A pure Rails authentication system like Devise.

Primary LanguageRubyMIT LicenseMIT

ReviseAuth

Gem Version

A pure Ruby on Rails authentication system like Devise.

Installation

Add this line to your application's Gemfile:

gem "revise_auth"

and then run bundle install.

Or run this command:

bundle add "revise_auth"

Usage

Models

ReviseAuth is designed around a single User model. Execute the following to generate the User model:

$ rails g revise_auth:model

Optionally, you can add other fields such as first_name and last_name:

$ rails g revise_auth:model first_name last_name

And then run:

$ rails db:migrate

Roles / Other User Types

ReviseAuth only works with a single model to keep things simple. We recommend adding roles to handle other types of users.

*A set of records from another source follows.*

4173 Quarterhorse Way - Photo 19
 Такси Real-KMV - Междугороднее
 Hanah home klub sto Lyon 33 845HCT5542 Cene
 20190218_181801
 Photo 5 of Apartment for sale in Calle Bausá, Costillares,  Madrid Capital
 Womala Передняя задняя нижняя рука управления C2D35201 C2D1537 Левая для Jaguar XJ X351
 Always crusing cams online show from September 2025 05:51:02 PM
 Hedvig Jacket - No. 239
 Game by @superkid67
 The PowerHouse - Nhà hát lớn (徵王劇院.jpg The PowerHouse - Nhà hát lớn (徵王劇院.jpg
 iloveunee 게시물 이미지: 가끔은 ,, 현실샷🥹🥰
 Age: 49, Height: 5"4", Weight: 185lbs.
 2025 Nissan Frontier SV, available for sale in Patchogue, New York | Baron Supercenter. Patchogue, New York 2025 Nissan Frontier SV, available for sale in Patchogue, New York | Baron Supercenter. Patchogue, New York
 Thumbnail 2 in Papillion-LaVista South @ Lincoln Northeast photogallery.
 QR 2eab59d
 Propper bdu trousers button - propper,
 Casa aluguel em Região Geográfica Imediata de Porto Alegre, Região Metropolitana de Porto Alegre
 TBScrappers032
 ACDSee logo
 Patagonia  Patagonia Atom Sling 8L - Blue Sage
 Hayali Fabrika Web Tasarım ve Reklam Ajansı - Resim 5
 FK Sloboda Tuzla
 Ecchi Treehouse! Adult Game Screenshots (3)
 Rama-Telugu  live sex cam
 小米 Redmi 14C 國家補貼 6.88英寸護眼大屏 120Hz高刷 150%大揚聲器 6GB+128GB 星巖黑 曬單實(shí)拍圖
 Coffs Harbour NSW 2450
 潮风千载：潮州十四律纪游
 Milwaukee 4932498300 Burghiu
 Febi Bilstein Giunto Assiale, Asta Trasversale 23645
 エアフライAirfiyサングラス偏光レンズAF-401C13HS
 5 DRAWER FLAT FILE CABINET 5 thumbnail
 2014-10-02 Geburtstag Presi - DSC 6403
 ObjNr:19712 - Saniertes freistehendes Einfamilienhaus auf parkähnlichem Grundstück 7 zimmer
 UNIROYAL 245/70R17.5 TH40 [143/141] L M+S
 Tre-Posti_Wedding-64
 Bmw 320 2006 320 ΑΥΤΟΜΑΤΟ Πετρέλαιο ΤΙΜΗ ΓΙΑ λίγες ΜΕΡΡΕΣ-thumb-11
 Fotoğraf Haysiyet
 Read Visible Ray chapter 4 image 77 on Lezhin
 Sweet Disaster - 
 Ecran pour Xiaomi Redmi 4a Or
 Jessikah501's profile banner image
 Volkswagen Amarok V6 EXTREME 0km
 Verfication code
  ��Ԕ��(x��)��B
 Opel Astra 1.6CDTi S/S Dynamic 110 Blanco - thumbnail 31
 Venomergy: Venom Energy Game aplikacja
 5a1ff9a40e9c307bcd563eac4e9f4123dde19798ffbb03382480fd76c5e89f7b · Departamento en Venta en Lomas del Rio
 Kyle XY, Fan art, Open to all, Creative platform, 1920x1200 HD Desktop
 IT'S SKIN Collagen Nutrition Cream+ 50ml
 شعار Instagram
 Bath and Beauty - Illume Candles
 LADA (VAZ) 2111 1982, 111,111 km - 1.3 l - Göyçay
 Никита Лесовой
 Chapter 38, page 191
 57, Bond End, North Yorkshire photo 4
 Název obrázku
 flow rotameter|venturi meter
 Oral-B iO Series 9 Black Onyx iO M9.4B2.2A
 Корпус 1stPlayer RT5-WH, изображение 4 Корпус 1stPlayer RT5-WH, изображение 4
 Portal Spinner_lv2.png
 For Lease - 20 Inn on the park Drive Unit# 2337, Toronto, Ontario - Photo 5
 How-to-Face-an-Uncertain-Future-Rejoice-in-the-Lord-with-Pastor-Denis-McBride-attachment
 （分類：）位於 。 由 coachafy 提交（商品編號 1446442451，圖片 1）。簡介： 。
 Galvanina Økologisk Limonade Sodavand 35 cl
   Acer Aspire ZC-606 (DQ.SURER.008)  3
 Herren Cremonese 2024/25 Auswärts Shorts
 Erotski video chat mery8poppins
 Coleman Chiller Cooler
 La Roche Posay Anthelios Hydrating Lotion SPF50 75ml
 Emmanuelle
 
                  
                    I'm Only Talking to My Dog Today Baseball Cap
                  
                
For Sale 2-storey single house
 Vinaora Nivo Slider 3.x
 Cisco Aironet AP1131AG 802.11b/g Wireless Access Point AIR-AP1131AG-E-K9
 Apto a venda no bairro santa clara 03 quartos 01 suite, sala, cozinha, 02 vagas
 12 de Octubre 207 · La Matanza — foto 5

You can accomplish this in a few different ways:

  • A roles attribute on the User model
  • The Rolify gem

Routes

The model generator will automatically add ReviseAuth's routes to your router:

# config/routes.rb

revise_auth

You will want to define a root path. After login (see below), the user will be redirected to the root path.

Views

ReviseAuth uses the flash to display notices and alerts, so make sure flash messages are rendered by your application:

<%# views/layouts/application.html.erb %>

<%= tag.div notice if notice %>
<%= tag.div alert if alert %>

Filters and Helpers

To protect your actions from unauthenticated users, you can use the authenticate_user! filter:

before_action :authenticate_user!

In your views, you can use user_signed_in? to verify if a user is signed in and current_user for using the signed in user.

Mailer

ReviseAuth will send some emails:

  • password reset
  • confirmation instructions

Make sure you have the default url options set:

# in config/environments/development.rb
config.action_mailer.default_url_options = {host: "localhost", port: 3000}

Note: This should be set in all environments.

Customizing

To customize views, you can run:

$ rails g revise_auth:views

This will copy the views into app/views/revise_auth in your application.

Form Permitted Params

To customize the form parameters, you can add/remove params in config/initializers/revise_auth.rb

ReviseAuth.configure do |config|
  config.sign_up_params += [:time_zone]
  config.update_params += [:time_zone]
end

After Login Path

After a user logs in they will be redirected to the stashed location or the root path, by default. When a GET request hits authenticate_user!, it will stash the request path in the session and redirect back after login.

To override this, define after_login_path in your ApplicationController. You can also override ReviseAuthController and define it there.

class ApplicationController < ActionController::Base
  def after_login_path
    root_path
  end
end

Routing Constraints

You can use any of the authentication functionality in your routes using the ReviseAuth::RouteConstraint class.

The following will draw routes only if the user is signed in:

authenticated ->{ _1.admin? } do
  resource :admin
end

authenticated do
  resource :dashboard
end

Password Length

The minimum acceptable password length for validation defaults to 12 characters but this can be configured in either config/initializers/revise_auth.rb or your environment configuration:

ReviseAuth.configure do |config|
  config.minimum_password_length = 42
end

Test helpers

ReviseAuth comes with handy helpers you can use in your tests:

# POST /login with the given user and password
login(user, password: "password")
# DELETE /logout
logout

Include the ReviseAuth::Test::Helpers module to make them available in your tests.

class ActionDispatch::IntegrationTest
  include ReviseAuth::Test::Helpers
end

Then in your tests:

class MyControllerTest < ActionDispatch::IntegrationTest
  setup do
    @user = users(:bob)
    login @user
  end

  test "..." do
    # ...
  end
end

Contributing

If you have an issue you'd like to submit, please do so using the issue tracker in GitHub. In order for us to help you in the best way possible, please be as detailed as you can.

If you'd like to open a PR please make sure the following things pass:

bin/rails db:test:prepare
bin/rails test
bundle exec standardrb

License

The gem is available as open source under the terms of the MIT License.